EDMONTON — The federal government is arguing that Alberta’s opposition United Conservative Party should not be allowed to join the government of Saskatchewan in its legal challenge against the imposition of a carbon tax.
“Their interest in this reference is both political and speculative,” Department of Justice lawyers wrote in court documents filed Wednesday. “Their intervention will not assist the Court in dealing with the legal issues.”
As well as arguing against the UCP’s intervention, the federal government took issue with a handful of other would-be interveners. It argued against the admissibility of some portions of submissions from the Canadian Taxpayers Federation and the Assembly of First Nations, and that the Agricultural Producers Association of Saskatchewan should be refused status unless its arguments were “relevant to the legal issues.”

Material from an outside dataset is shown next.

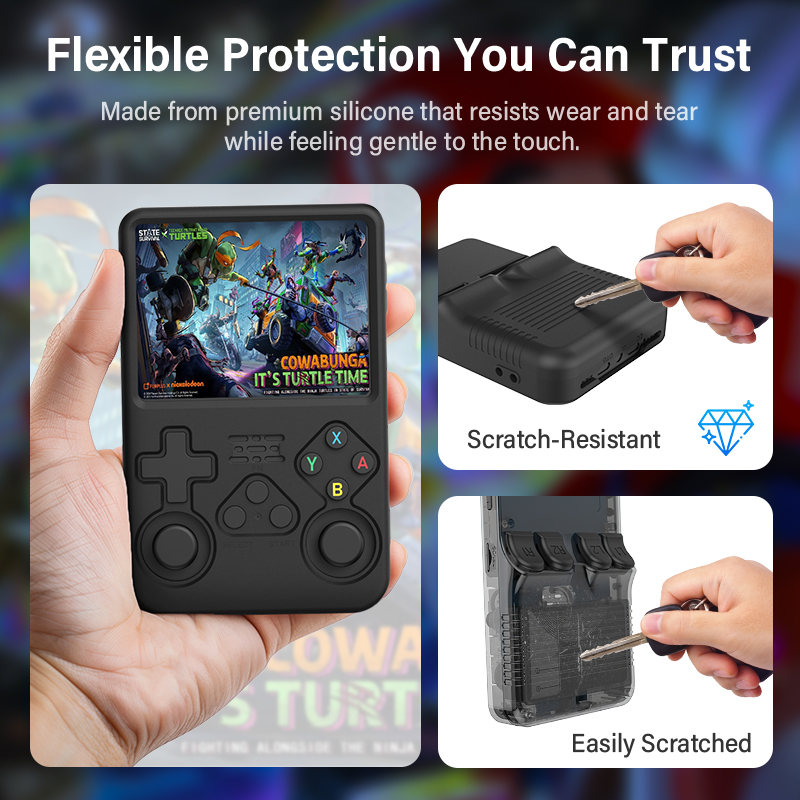 Case R36s Protective case For  - Retro Handheld Game Console R36S ulasan dan harga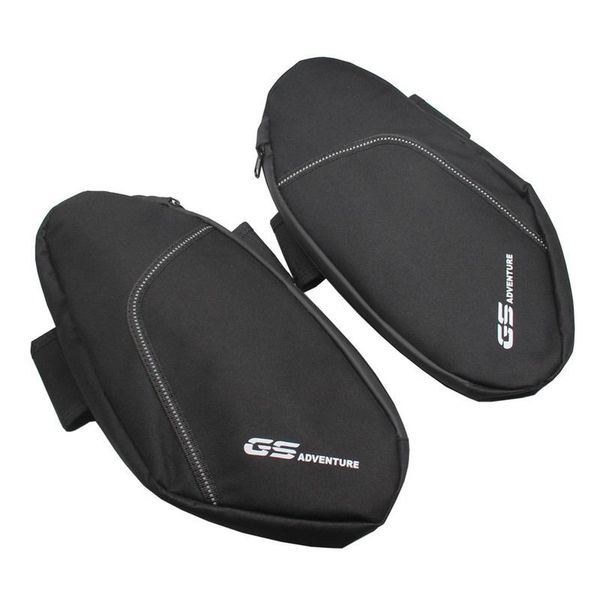 Universal Motorcycle Bags PU Leather Saddle Bag For Most Bikes XL883 XL1200 Cruiser Side Storage Tool Pouche Black Side-Mounted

But it has no objection to applications to intervene from eight other organizations, including the David Suzuki Foundation, the Canada Ecofiscal Commission and the Athabasca Chipewyan First Nation, all expected to support the federal position. The federal government also did not challenge applications from the Saskatchewan Power Corporation and SaskEnergy Inc., both Saskatchewan Crown corporations seeking to intervene in support of the province.
“It’s telling that the Trudeau government is happy with foreign-funded groups … fighting for a carbon tax in Canadian courts, but not the Official Opposition in Alberta that represents a significant number of Albertans,” said UCP leader Jason Kenney in a statement.
In an emailed statement, Caroline Thériault, a spokeswoman with Environment Canada, said the government’s position was based upon the “legal rules for intervener application in reference cases.”
“It’s disappointing to see Conservative politicians across the country using taxpayer money and resources to oppose serious action on climate change,” she wrote.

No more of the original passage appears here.